# Sequence splitting

Fri Jul 3 00:34:21 EDT 2009

On Jul 2, 9:08 pm, Paul Rubin <http://phr...@NOSPAM.invalid> wrote:
> Brad <schi... at gmail.com> writes:
> > On Jul 2, 8:14 pm, Paul Rubin <http://phr...@NOSPAM.invalid> wrote:
> > > schickb <schi... at gmail.com> writes:
> > > > def split(seq, func=None):
> > > >     if func is None:
> > > >         func = bool
> > > >     t, f = [], []
> > > >     for item in seq:
> > > >         if func(item):
> > > >             t.append(item)
> > > >         else:
> > > >             f.append(item)
> > > >     return (t, f)
>
> > > untested:
>
> > >    def split(seq, func=bool):
> > >       xs = zip(seq, itertools.imap(func, seq))
> > >       t = list(x for (x,y) in xs if y)
> > >       f = list(x for (x,y) in xs if not y)
> > >       return (t, f)
>
> > In my testing that is 3.5x slower than the original solution (and less
> > clear imo).
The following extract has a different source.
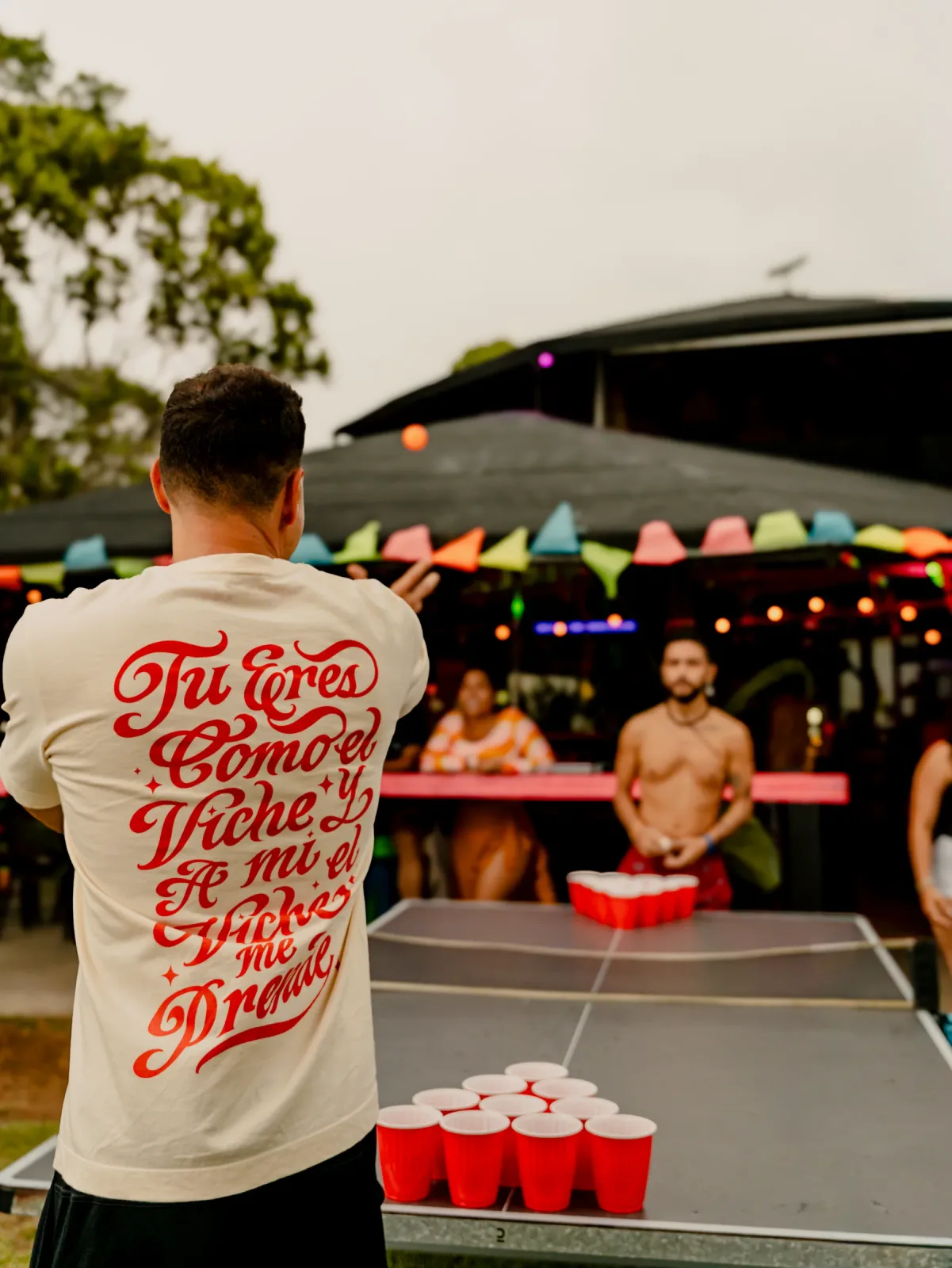 Visitante participando en una partida de beer pong durante un evento.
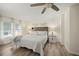 Serene bedroom with a neutral color palette, a ceiling fan, and wood-look flooring at 906 Beechwood Ave, Lady Lake, FL 32159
I fixed my version to take a bool default. Either way, I'm
> > not really looking for additional ways to do this in Python unless
> > I've totally missed something. What I am considering is writing it in
> > C, much like filter.
>
> I'm a little skeptical that the C version will help much, if it's
> evaluating a python function at every list element.

Perhaps true, but it would be a nice convenience (for me) as a built-
in written in either Python or C. Although the default case of a bool
function would surely be faster.

> Here's a variant of your version:
>
>  def split(seq, func=bool):
>      t, f = [], []
>      ta, fa = t.append, f.append
>      for item in seq:
>          (ta if func(item) else fa)(item)
>      return (t, f)
>
> This avoids some dict lookups and copying.  I wonder if that helps
> significantly.

Faster, but in tests of a few short sequences only 1% so.